James R. Davis
Posted - 03/29/2018 : 7:17 PM
For those of you who are interested, though I'm no longer able to ride, I continue to perform as a Motorcycle Safety and Dynamics expert witness.
Well, sometimes that is what I expect to be doing only to find out that some of the players in the legal system have no idea whatever about what's needed in their cases.
This year I was approached by the Department of Justice to become an expert witness in one of their cases. They represented the government as defendants against a $10,000,000 claim by a man who had lost a leg in a crash with a left-turning Postal Service truck.
Oddly, when they interviewed me they would not tell me anything about the case (not until after I was hired did I find out I was on the side of the Defense, though that was assumed). A large package of evidence was sent to me along with an almost impossibly short deadline to have a report prepared (by April 3rd and a list of questions to be used by the AUSA in a deposition on March 28th) along with requested assurances that I could travel to New York from Houston in early April for a deposition if needed.

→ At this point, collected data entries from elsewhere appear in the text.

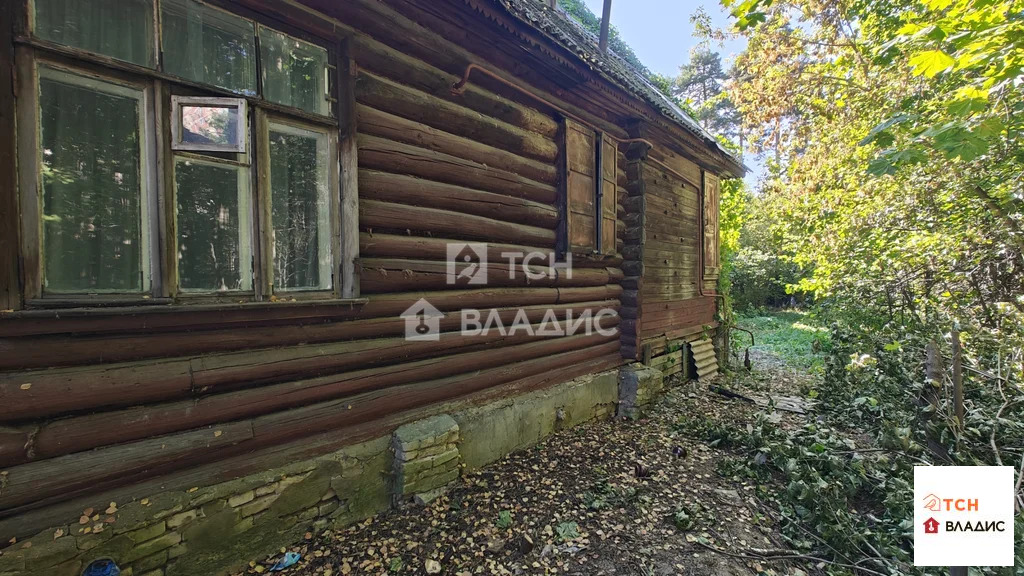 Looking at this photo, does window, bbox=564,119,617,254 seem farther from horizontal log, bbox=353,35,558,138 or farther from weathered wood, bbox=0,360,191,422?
weathered wood, bbox=0,360,191,422

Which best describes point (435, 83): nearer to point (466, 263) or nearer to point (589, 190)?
point (466, 263)

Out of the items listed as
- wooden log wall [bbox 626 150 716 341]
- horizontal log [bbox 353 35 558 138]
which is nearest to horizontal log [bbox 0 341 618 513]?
horizontal log [bbox 353 35 558 138]

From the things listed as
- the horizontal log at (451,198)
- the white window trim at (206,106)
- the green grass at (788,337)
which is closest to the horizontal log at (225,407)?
the horizontal log at (451,198)

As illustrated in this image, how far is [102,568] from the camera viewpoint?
2.16 m

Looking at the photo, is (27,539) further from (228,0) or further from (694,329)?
(694,329)

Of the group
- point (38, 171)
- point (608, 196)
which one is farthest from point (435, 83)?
point (608, 196)

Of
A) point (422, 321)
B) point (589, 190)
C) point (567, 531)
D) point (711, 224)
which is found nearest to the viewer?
point (567, 531)

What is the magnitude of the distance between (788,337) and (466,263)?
14224 mm

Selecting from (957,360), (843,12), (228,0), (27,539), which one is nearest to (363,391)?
(27,539)

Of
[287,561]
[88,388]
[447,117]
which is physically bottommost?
[287,561]

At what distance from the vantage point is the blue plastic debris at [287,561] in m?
2.64

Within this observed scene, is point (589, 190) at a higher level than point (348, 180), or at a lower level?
higher

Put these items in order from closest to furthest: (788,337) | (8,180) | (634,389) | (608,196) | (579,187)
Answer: (8,180) → (579,187) → (608,196) → (634,389) → (788,337)

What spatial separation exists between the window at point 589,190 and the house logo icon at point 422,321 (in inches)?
80.1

I was three hours into reading the depositions before I called the Assistant US Attorney (AUSA) and told her that I wanted out of the case as I was simply the wrong expert for it.
There was no evidence that a motorcycle crash had occurred, neither the plaintiff nor the defendant ride motorcycles, and no claims were made that a motorcycle caused or was in any other way involved. I asked them how they thought my opinions or report or testimony could in any way help them with their case. They had no idea - "Perhaps you could do accident reconstruction work?" said a legal assistant.
Huh? I don't do that, either.
How did they happen to pick me for the work? Another AUSA that I had worked for in the past recommended me. Maybe because she was told no more about the case than I was.
Oh, what could possibly have been the mixup? The vehicle driven by the man who lost his leg was a Honda - a Civic.
A complete waste of time.
At 75 tears of age, I don't have a lot of time left to waste.